* Provided data
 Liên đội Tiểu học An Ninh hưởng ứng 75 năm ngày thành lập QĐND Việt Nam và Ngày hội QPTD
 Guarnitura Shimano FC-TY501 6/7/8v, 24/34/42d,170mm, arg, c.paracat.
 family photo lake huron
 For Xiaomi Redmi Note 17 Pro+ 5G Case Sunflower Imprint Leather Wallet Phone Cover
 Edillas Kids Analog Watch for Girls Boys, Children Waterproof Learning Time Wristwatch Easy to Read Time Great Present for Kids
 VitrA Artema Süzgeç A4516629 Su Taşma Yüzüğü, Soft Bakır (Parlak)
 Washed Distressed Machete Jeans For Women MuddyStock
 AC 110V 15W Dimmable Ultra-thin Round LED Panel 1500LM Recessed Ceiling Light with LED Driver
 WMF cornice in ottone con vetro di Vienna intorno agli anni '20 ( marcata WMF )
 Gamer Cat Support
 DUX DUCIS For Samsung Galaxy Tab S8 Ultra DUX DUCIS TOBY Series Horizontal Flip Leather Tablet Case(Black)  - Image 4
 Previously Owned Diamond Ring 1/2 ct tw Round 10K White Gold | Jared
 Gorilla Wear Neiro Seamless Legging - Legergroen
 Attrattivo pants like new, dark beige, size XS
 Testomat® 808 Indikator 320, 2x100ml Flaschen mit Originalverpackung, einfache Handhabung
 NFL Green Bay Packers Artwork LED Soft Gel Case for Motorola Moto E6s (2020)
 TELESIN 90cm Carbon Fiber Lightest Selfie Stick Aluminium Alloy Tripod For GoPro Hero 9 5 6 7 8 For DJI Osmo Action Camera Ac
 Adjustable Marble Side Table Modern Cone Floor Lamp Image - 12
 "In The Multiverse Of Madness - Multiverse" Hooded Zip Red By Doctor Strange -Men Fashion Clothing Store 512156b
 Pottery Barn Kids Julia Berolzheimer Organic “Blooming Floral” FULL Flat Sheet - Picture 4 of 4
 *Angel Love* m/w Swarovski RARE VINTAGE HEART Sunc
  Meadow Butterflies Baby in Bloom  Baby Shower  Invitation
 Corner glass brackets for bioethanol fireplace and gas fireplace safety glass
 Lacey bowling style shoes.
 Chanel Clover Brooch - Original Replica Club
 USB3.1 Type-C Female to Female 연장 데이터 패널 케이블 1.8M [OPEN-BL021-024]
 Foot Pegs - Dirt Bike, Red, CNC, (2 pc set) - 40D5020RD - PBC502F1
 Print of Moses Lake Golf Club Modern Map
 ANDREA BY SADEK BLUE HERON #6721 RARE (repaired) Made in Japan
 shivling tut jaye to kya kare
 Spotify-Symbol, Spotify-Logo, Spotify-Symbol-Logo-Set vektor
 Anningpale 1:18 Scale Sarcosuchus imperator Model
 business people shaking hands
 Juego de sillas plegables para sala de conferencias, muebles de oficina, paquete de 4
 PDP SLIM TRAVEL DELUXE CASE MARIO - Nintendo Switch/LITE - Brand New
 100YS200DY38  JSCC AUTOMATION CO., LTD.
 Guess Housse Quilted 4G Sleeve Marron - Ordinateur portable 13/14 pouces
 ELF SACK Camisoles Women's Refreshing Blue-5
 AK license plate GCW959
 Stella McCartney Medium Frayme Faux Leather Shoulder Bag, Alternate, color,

* Action item
Taking the entries above, print exactly the lines starting at the line with "Gamer Cat Support" and ending at the line with "Gorilla Wear Neiro", both included.

* Result below
 Gamer Cat Support
 DUX DUCIS For Samsung Galaxy Tab S8 Ultra DUX DUCIS TOBY Series Horizontal Flip Leather Tablet Case(Black)  - Image 4
 Previously Owned Diamond Ring 1/2 ct tw Round 10K White Gold | Jared
 Gorilla Wear Neiro Seamless Legging - Legergroen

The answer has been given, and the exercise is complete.